Les supporters des Red Devils ont beau avoir l'eau à la bouche, leur respiration est coupée dès les premières minutes de jeu par un gros début de match des Spurs. Au bout d'une poignée de secondes, les deux joyaux de Tottenham donnent des sueurs froides à Old Trafford. Harry Kane pique son ballon pour Christian Eriksen, qui contrôle de la tête et envoie un petit lob... qui échoue au-dessus des cages de Romero. David de Gea, conservé dans les tribunes pour cause de Real Madridisme aiguë, n'apprécie pas vraiment le spectacle. Son remplaçant argentin est fébrile au pied, et ne dégage pas une grande sérénité. Il n'est pas le seul : les Mancuniens sont pris à la gorge par un pressing haut de Tottenham. La possession des hommes de Louis van Gaal est scindée en deux, puisque les milieux offensifs évoluent trop loin du pivot Carrick – Schneiderlin. Ce dernier se rend d'ailleurs coupable de quelques pertes de balle dangereuses. Au bout d'un quart d'heure de jeu, Eriksen lance Walker d'un sublime ballon en profondeur : le latéral droit bute sur Romero.

Walker règle la mire


Kyle Walker rate le cadre une fois, mais pas deux. Malheureusement, il se trompe de but... Sur une passe ratée de Bentaleb, Man U contre à toute vitesse. Depay trouve Young dans la profondeur, qui centre à ras de terre pour Rooney, seul aux six mètres. L'ancien d'Everton prend tout son temps, contrôle la balle, arme sa frappe... Walker, tel un taureau rendu fou par la tunique rouge de Rooney, fonce pour prendre le ballon par derrière, et pousse le cuir au fond des filets. 1-0, pour la première fois de l'histoire, le compteur de la Premier League est débloqué par un but contre son camp.

Comme au temps de Sir Alex Ferguson, Manchester United a plié sans rompre, et prend l'avantage contre le cours du jeu. Les Spurs sont sonnés, et cèdent du terrain. United trouve enfin la confiance, et fait tourner le ballon. Schneiderlin et Carrick récupèrent et distribuent. Devant, Mata a l'air mal à l'aise à droite, tandis qu'on sent Depay plus explosif sur une aile : les deux permutent donc pour créer de la variété et surprendre la défense londonienne. Jusqu'à la pause, Manchester monopolise sans se montrer très dangereux, mais la confiance a changé de camp.

Manchester contrôle


Bentaleb, qui a perdu de nombreux ballons dangereux dans l'entrejeu, cède sa place à Ryan Mason dès la 52e minute. Ça ne change pas grand-chose pour Tottenham, qui peine réellement à se montrer dangereux dans une deuxième période très calme. Il faut dire que la paire de défenseurs Smalling – Blind, si elle ne paie pas de mine sur le papier, est très efficace : Smalling fait le ménage et tacle, Blind anticipe et relance.
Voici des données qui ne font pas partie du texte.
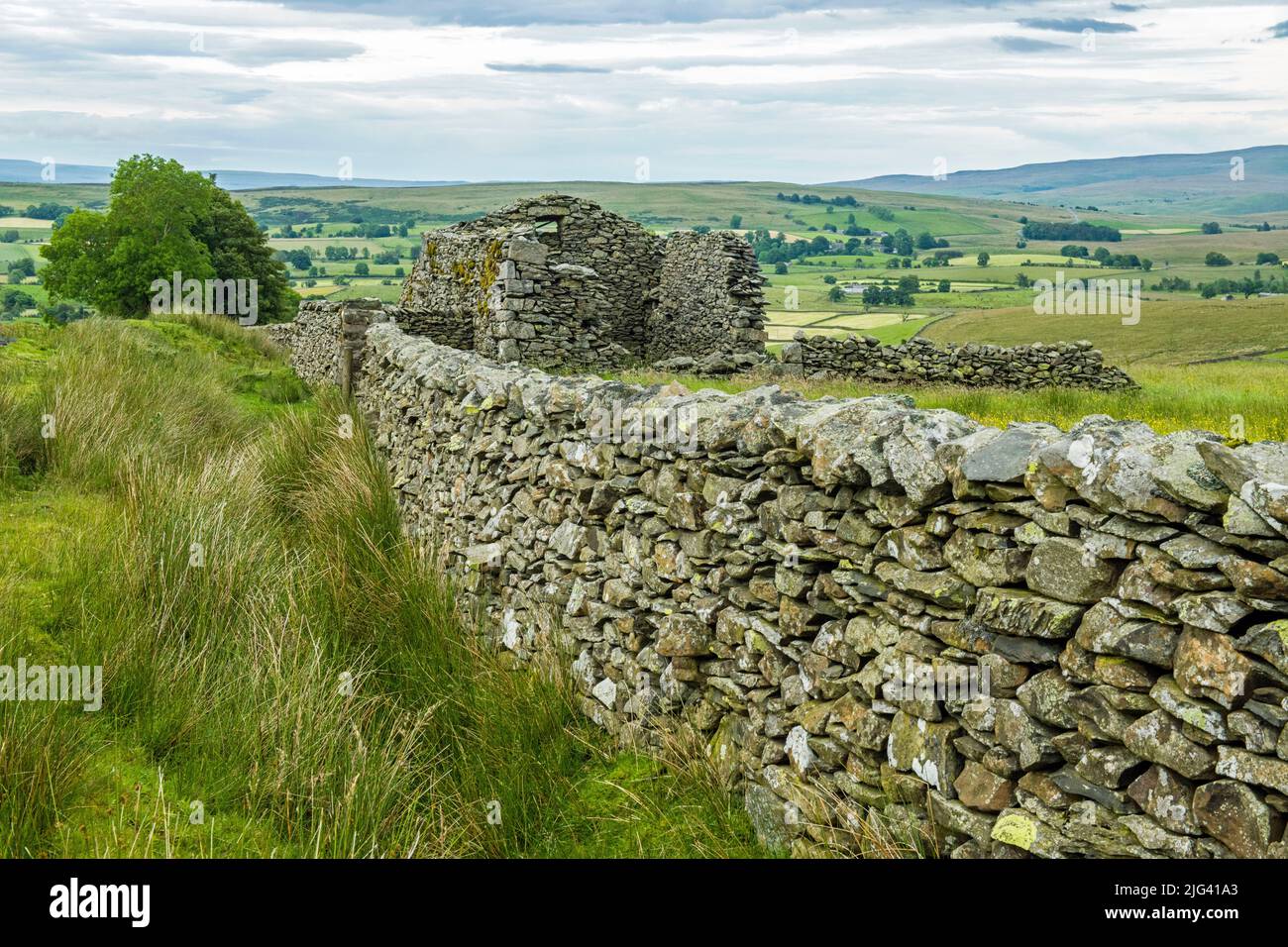 View from Artlegarth in Cumbria over the old barn and landscape photographed early July Stock Photo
En face, Manchester United ronronne un football de maîtrise qui manque d'étincelles. Histoire de réveiller les fans mancuniens, Bastian Schweinsteiger fait son entrée à la place de Michael Carrick. Le scénario reste le même, avec des Red Devils appliqués à contrôler leur match, évitant semble-t-il d'enflammer les débats. Depay, intéressant par sa faculté à accélérer le jeu, est relayé par Ander Herrera, milieu technique et intelligent qui resserre encore plus l'emprise mancunienne au milieu. Pochettino, lui décide de prendre des risques en prenant le chemin inverse de Louis van Gaal : Dembélé sort, remplacé par l'explosif Erik Lamela.
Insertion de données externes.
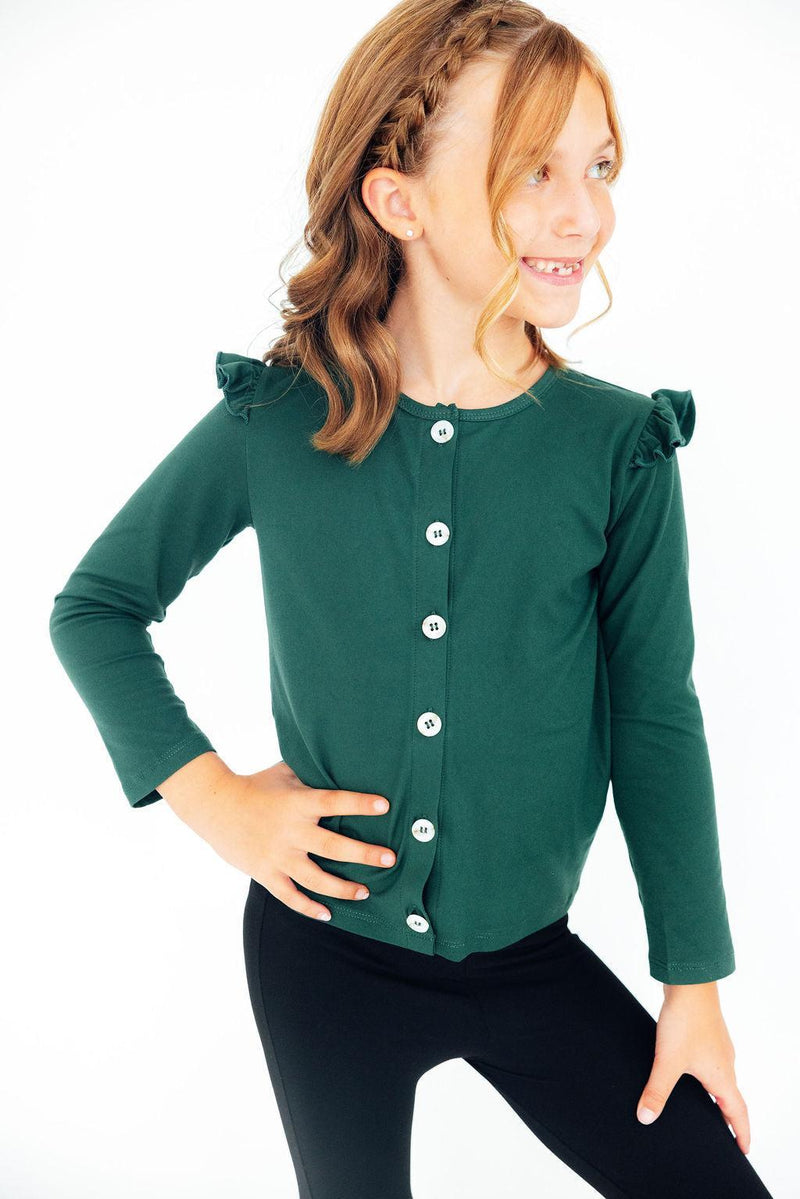 Happy girl modeling the Spruce Ruffle Cardigan with ruffle accents, showcasing its vibrant green color and comfortable fit, ideal for everyday wear.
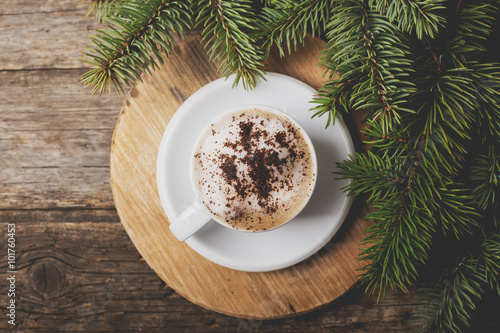 A cup of coffee with the branches of the Christmas tree on a woo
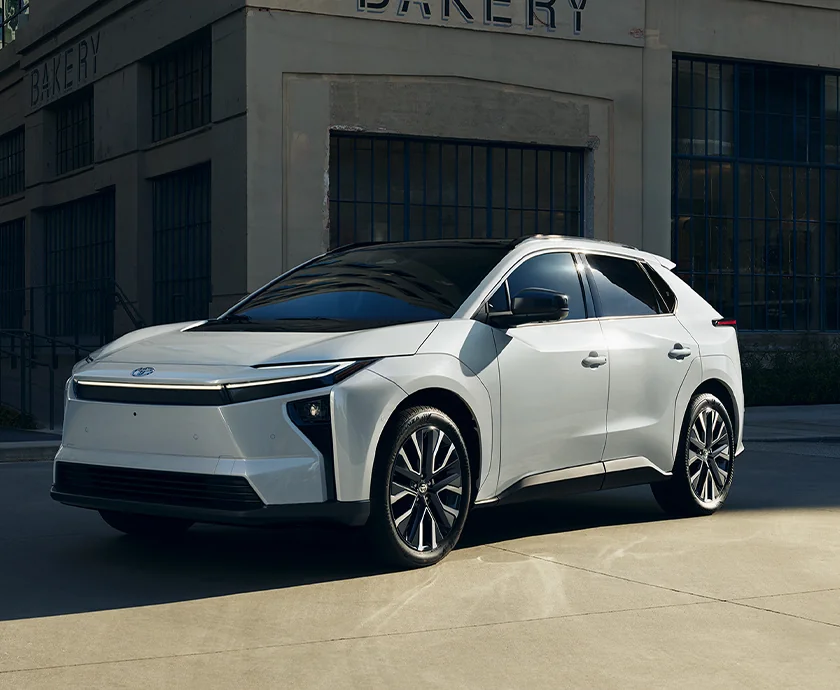 an exterior view of a white Toyota bZ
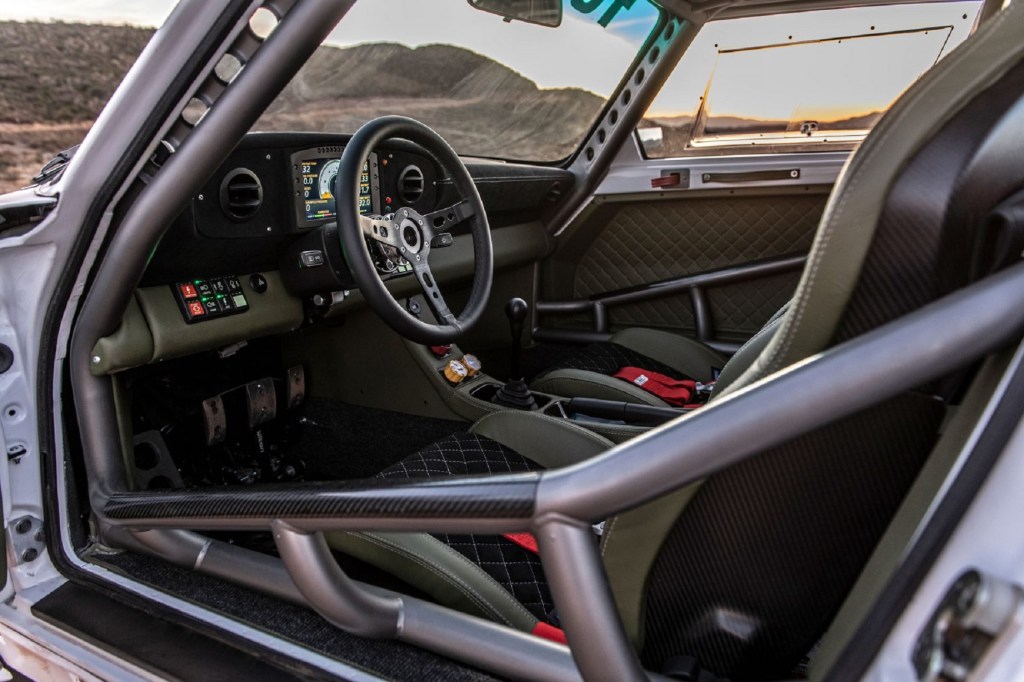 The black-and-green interior with steel roll cage of a Russell Built Fabrications Baja 911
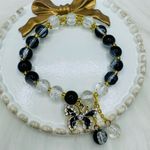 Gradient Black Beaded w/ Sparkly Bow Charm Bracelet Photo 1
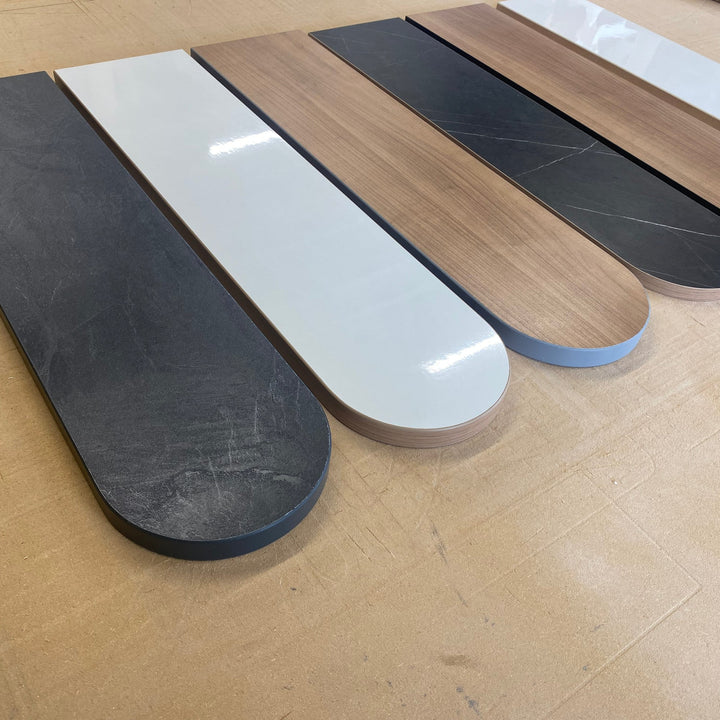Made to measure edgebanded motorhome shelves in black, white, oak and marble laminates, laid out in the workshop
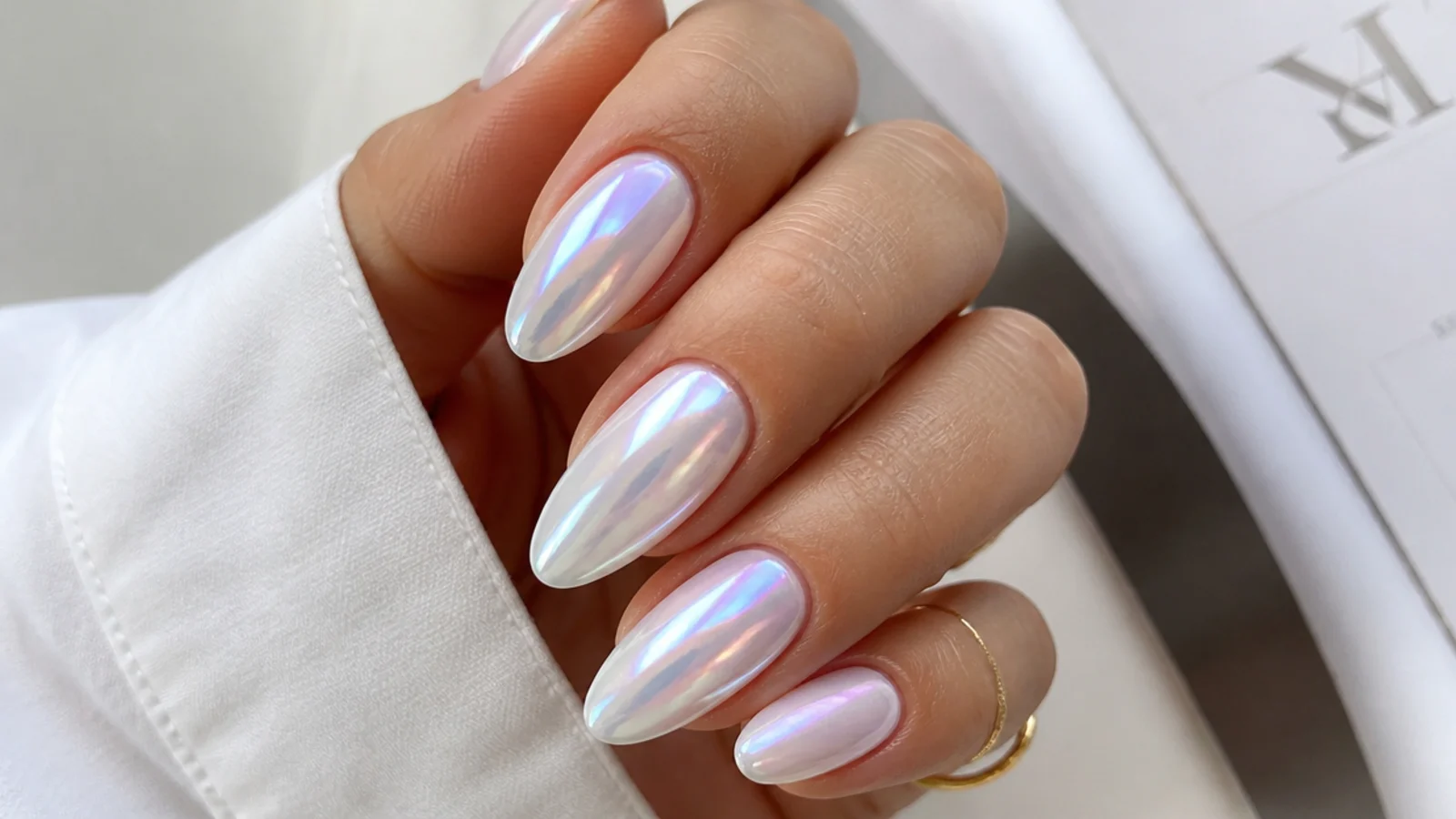 Milky white chrome nails with iridescent aurora pink and blue shift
Les joueurs changent, le match non


Les choix des deux managers n'ont que peu d'influence sur un match qui conserve invariablement le même tempo. Tout juste les Mancuniens arrivent-ils à créer le danger par les débordements de Matteo Darmian et les projections – timides – de leurs milieux. À un quart d'heure de la fin du match, Tottenham lance l'espoir Dele Alli, qui s'est permis le luxe de caler des petits ponts à Toni Kroos et Luka Modrić en amical face au Real.
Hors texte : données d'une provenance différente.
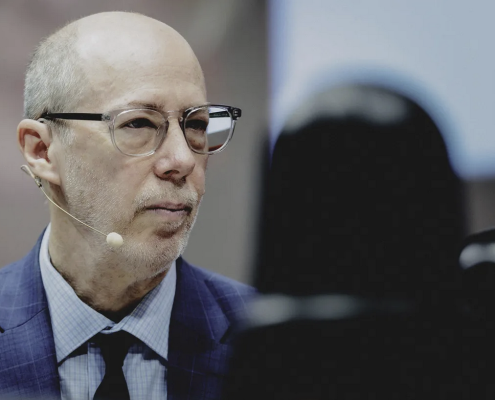 Jack Bobo wears a blue suit and glasses. He looks to the side as he listens to the speaker.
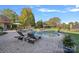 Serene pool area featuring lounge chairs, a small waterfall feature, and lush landscaping; perfect for outdoor enjoyment at 8724 Highgrove St, Charlotte, NC 28277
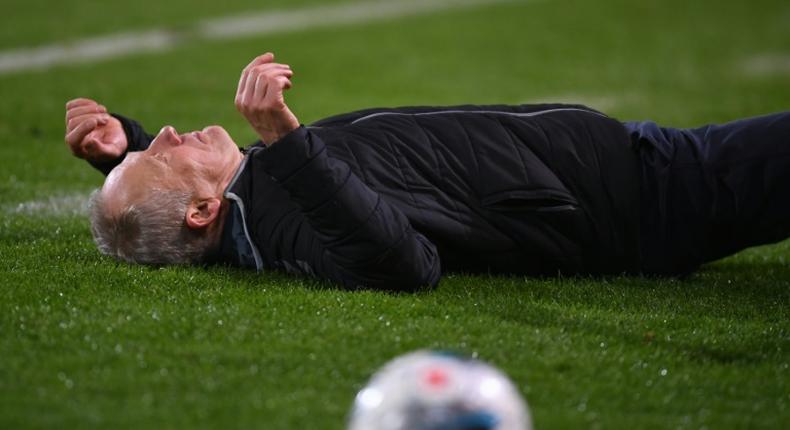 Freiburg head coach Christian Streich lies on the pitch after being barged by Frankfurt captain David Abraham on Sunday.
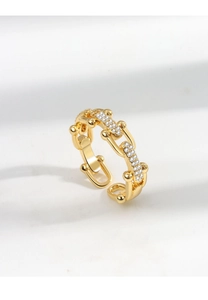 Macro shot of gold-plated chain ring with micro-pave crystals and adjustable open band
Tottenham n'arrive jamais à se montrer dangereux, jusqu'à la 83e minute : Nacer Chadli est oublié par la défense des Red Devils à gauche, mais tergiverse inexplicablement et se fait reprendre par un Chris Smalling impeccable. Dans la foulée, Eriksen s'excentre et envoie une demi-volée du gauche bien captée par Romero. Le portier argentin doit à nouveau s'employer sur une tête de Kane, puis sur une grosse frappe d'Eriksen à l'entrée de la surface. United tremble mais résiste, et glane une victoire ennuyeuse, même si plutôt tranquille. Il en faudra sans doute bien plus, notamment dans la création, pour envisager le statut de prétendant au titre.